TASK REQUIREMENTS: Your task is to filter the entries and copy every line containing the string "Used".

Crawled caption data
= Beginning of Section =
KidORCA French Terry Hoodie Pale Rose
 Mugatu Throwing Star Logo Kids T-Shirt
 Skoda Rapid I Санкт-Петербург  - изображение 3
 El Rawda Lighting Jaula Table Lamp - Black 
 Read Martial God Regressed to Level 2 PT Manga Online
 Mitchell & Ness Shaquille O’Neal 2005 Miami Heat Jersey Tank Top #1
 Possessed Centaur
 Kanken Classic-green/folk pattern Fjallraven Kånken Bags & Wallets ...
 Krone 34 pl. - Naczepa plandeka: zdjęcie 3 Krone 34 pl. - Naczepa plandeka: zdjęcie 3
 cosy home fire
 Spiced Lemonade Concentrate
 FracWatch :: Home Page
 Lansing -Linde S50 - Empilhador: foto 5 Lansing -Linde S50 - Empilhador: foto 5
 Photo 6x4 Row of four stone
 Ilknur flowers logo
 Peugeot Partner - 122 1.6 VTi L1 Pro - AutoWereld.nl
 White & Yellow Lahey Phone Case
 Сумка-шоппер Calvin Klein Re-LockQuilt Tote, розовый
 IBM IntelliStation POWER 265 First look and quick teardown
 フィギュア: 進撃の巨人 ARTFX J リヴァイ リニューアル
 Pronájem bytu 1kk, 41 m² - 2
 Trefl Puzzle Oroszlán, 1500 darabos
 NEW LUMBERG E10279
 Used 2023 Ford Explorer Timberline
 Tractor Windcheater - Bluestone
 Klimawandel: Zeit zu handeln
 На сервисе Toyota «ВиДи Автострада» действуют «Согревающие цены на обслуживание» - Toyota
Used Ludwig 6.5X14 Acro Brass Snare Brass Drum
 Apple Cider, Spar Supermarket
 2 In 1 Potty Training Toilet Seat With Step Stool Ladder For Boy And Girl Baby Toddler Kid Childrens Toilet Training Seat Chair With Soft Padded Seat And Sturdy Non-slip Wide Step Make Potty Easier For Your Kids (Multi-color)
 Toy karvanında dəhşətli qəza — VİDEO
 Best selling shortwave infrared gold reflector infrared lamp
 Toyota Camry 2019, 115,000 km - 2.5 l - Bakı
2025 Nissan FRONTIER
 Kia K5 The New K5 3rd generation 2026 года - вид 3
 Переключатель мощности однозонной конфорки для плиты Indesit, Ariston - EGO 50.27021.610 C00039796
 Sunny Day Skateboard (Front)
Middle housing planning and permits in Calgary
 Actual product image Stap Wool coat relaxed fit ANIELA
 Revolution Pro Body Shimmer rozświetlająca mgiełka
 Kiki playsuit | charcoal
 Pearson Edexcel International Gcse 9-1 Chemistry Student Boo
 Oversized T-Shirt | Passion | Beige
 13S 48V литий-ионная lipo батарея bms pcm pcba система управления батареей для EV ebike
= End of Section =
RESPONSE AREA:
 Used 2023 Ford Explorer Timberline
Used Ludwig 6.5X14 Acro Brass Snare Brass Drum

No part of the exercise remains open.